Question
· Feb 28

Estimate IRIS Health Connect database size based on HL7 message volumes

I'm looking for some simple heuristics to estimate the size on disk of a database based on average size of messages, number of messages per day and purge frequency. The purpose is for estimation of disk space requirements.

Clearly this is a how long is a piece of string question but for example, if you have a simple HL7 routing production that does nothing but process HL7. It receives 10,000 HL7v2 messages per day (all approx 1kb on the wire) in a single service, passes them to a single router and outputs to a single operation. What factor should you multiply the size of each message on the wire to get an approximation for the size on disk?

The inbound message will generate a message header object and a message body object held in globals. Both of those will have an index global. The message content is held in a stream which would be roughly the same size in bytes plus a small overhead.  There will be new header for each message shunted between business hosts within the production. There's also event logs  Then there's database block size and packing to consider before thinking about filesystems!

Depending on how I do back-of-envelope maths, I come up with something between a factor of 2x and 5x on-the-wire bytes. I'm inclined to think it's closer to the 2x as I suspect it's more efficient than the 5x, but better to over-estimate than under.

Discussion (3)2
Log in or sign up to continue

This might not be exactly what you’re looking for, as it requires an actual working interface to perform the estimation, and not just a "concept/design" of the interface, but worth checking it out. It indeed takes into account for example also the Event Log, as well as Journals which you didn't mention above but might be important for you as well.

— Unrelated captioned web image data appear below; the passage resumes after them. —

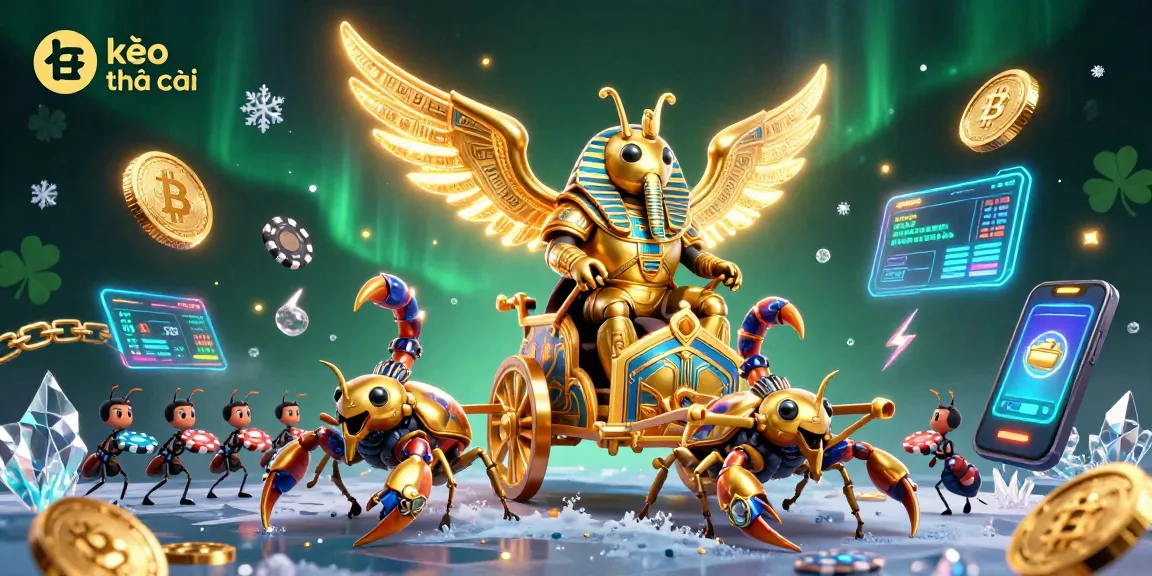 Engage with kèo nhà cái as a colossal golden scarab beetle leads a vibrant online betting scene filled with 3D elements.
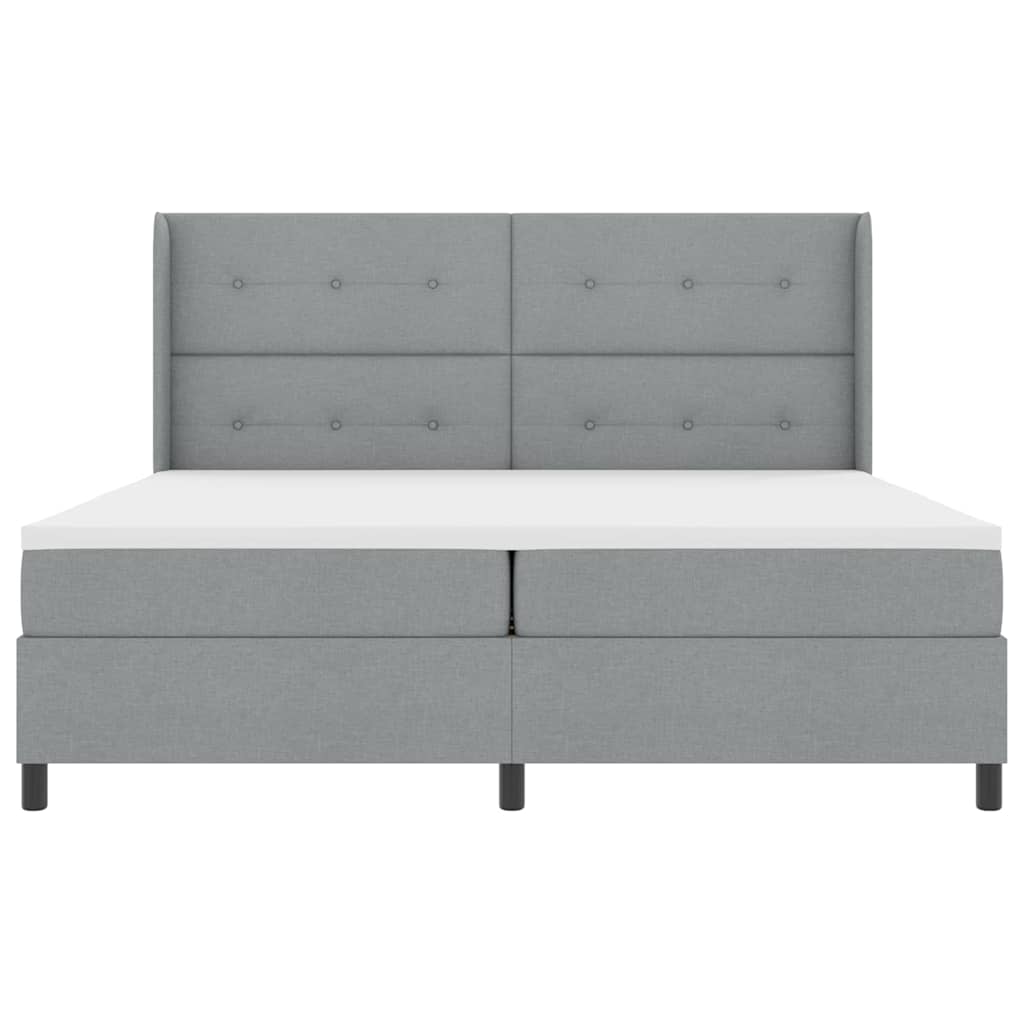 Lit à ressorts avec matelas Gris clair 200 x 200 cm tissu - XIOS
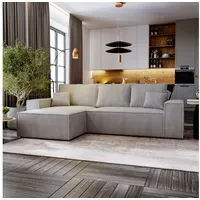 yourhouse24 Ecksofa Olimpia L, 279 cm, Cord, L-Form mit Schlaffunktion & Bettkasten, Modernes Ecksofa im angesagten Cord-Look grau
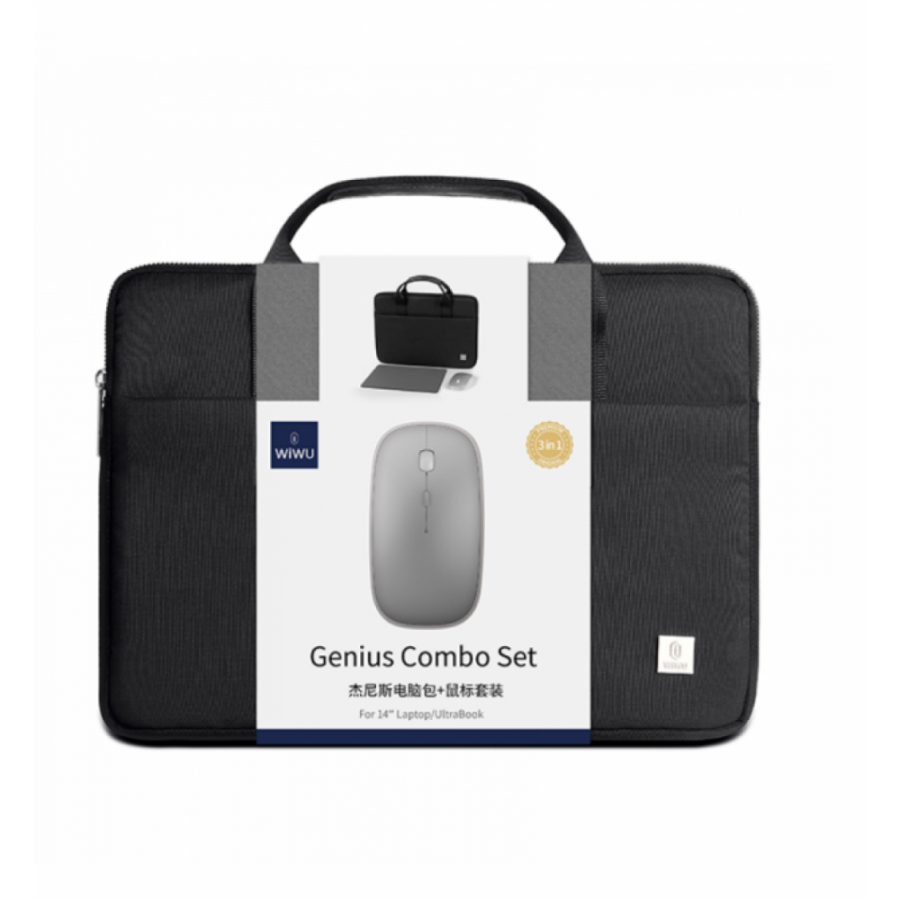 Wiwu Genius Serisi Mouse ve Mouse Pad Hediyeli 15.6 Notebook Çantası, Siyah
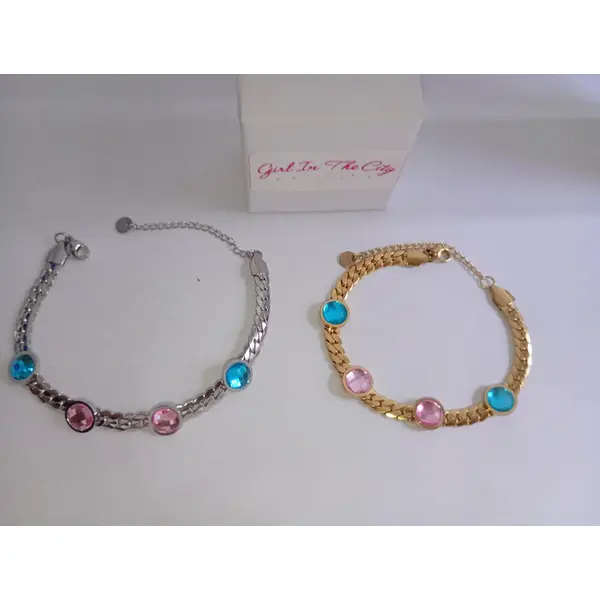Bracelet doré ou argenté acier inoxydable, gourmette chic avec cristaux turquoise et rose, bijou élégant ajustable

https://community.intersystems.com/post/ensemble-interfaces-disk-space-u...

You might also find this HL7 benchmark post by @Mark Bolinsky useful, specifically the section titled "Disk Configuration", and the related "Table 2" there.

For convenience I'm pasting this table here (but read the original post for the full context, for example your scenario sounds more like the "T2 Workload" described there, rather than the "T4" one) -

Table 2: Disk Requirement per inbound HL7 T4 Message  

Contributor Data Requirement
Segment Data 4.5 KB
HL7 Message Object 2 KB
Message Header 1.0 KB
Routing Rule Log 0.5 KB
Transaction Journals 42 KB
Total 50 KB